Another study found the UK (and Wales in particular) to be ranked bottom in lung, ovarian, breast and bowel cancer survival compared to 13 countries with similar health care systems.

There is also significant variation within Wales on cancer incidence and survival mirroring patterns of deprivation.

International research has also suggested late diagnosis is a key contributory factor to these poor survival rates.

Why are there delays in diagnosis?

Several factors are at play here.

Poor recognition of signs and symptoms amongst the population - in particular in more disadvantaged communities.

Some individuals fear a cancer diagnosis, even if they strongly suspect cancer.

Others may be reluctant to see their GPs because they are worried about "wasting the doctor's time" - or believe the symptoms will "go away".

Research has also shown that GPs in Wales are less likely than in other countries to investigate potential warning signals - acting as more stringent "gate-keepers".

There can be delays in arranging and completing diagnostic tests - particularly if symptoms are unclear.

Kate Brain, a health psychologist from Cardfiff University's School of Medicine has been looking at why people do not come forward with cancer symptoms or take up screening.

She said people could dismiss vague symptoms and not visit their doctor but there were also particular groups and different influences which could be factors.

"Men tend to delay seeking help but we also see differences in people from disadvantaged communities, with lower awareness of symptoms and there are some negative beliefs around cancer which may cause delays in seeking help," she said.

Can Wales learn from other countries?

Image caption How a pilot project in the Cynon Valley was set up to spot cancer more effectively

In 2016, cancer experts from Wales visited Denmark to look at how worrying survival rates were tackled - including with one-stop clinics which do a variety of tests at once.

Like in Wales, in Denmark if you have obvious or alarming symptoms these are almost always picked up.
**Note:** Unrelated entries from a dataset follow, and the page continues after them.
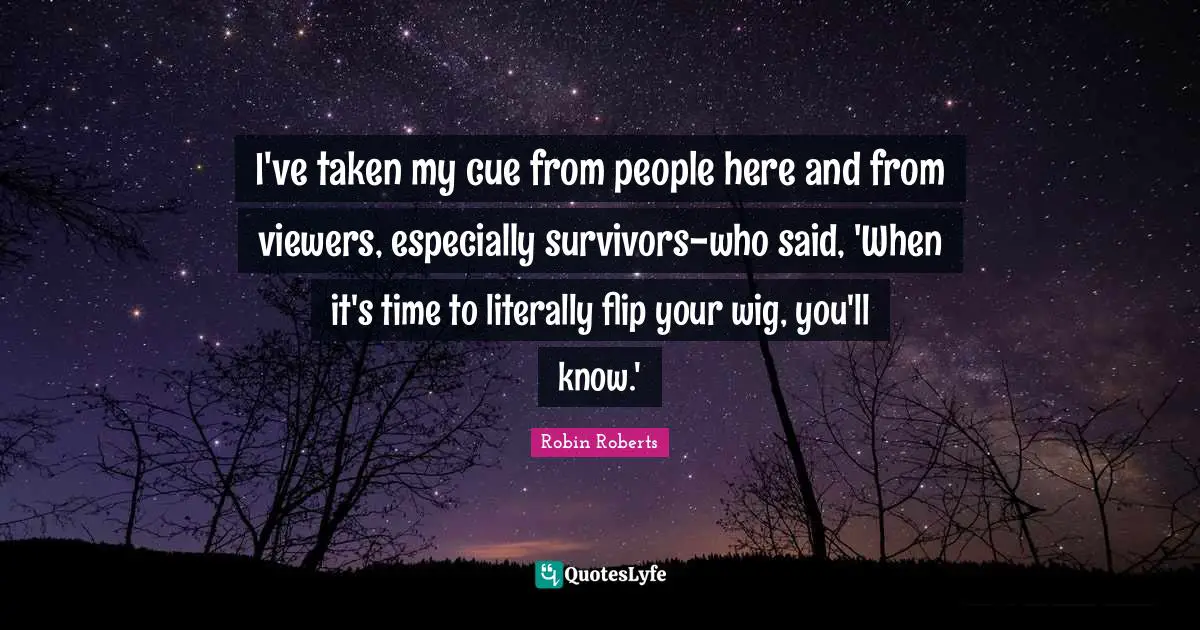 Robin Roberts Quotes: "I've taken my cue from people here and from viewers, especially survivors-who said, 'When it's time to literally flip your wig, you'll know.'"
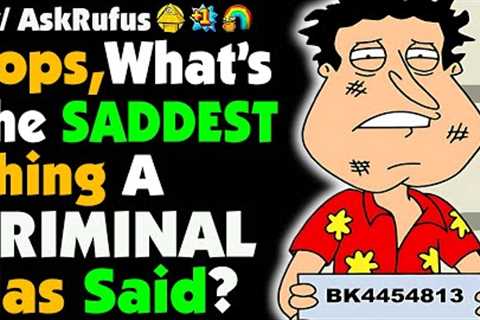 Police Officers, What's The Most HEARTBREAKING Thing A CRIMINAL Has Said?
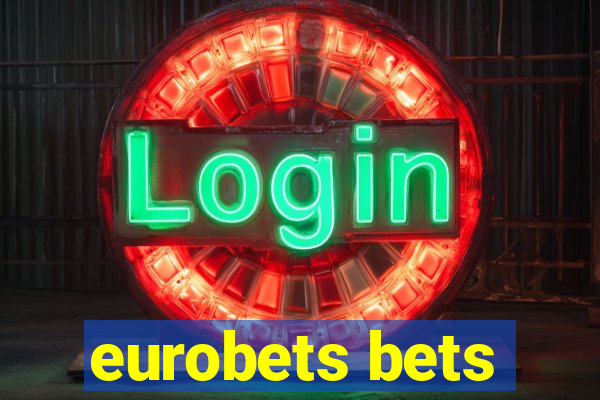 eurobets bets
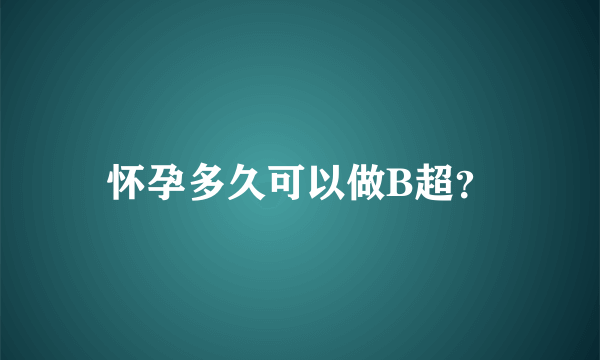 怀孕多久可以做B超？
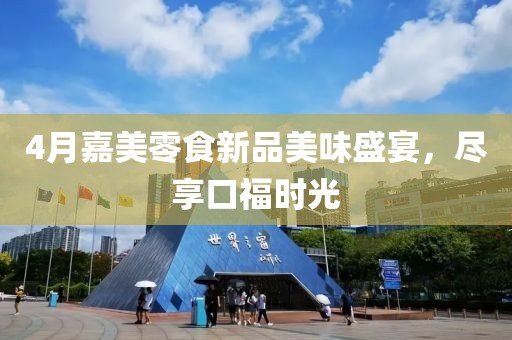 4月嘉美零食新品美味盛宴，尽享口福时光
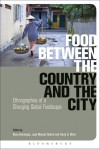 Food Between the Country and the City: Ethnographies of a Changing Global Foodscape - Nuno Miguel Domingos, José Manuel Sobral, Harry G. West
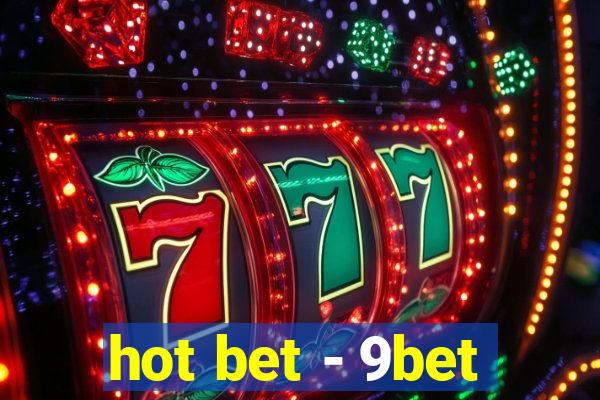 hot bet - 9bet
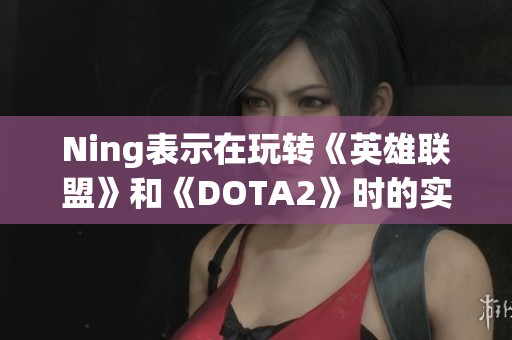 Ning表示在玩转《英雄联盟》和《DOTA2》时的实力与心得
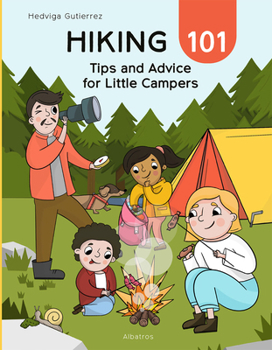 Hardcover Hiking 101: Tips and Advice for Little Campers Book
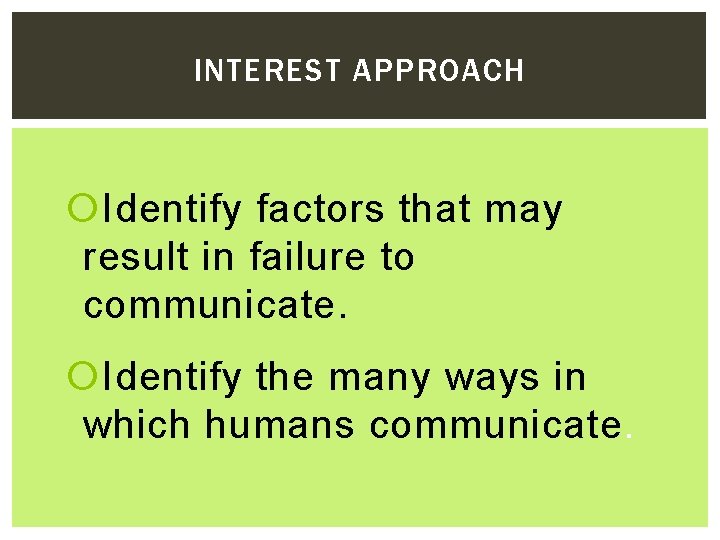 INTEREST APPROACH Identify factors that may result in failure to communicate. Identify the many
The challenge is how better to diagnose those patients with vague or harder-to-spot symptoms.

As a result of the fact-finding visit, schemes have started in the Cwm Taf and Abertawe Bro Morgannwg health board areas for GPs to refer patients with less obvious symptoms to diagnostic centres - where the aim is to complete all the necessary tests in one visit.

In Neath Port Talbot and Ogmore Valley GP surgeries now have the option to refer patients to a "one-stop" clinic - they have vague symptoms which the doctor suspects may be cancer.

What about patients' experiences?

Broadly speaking patients have a good experience of cancer care in Wales - with 96% of patients rating their care as good, very good or excellent.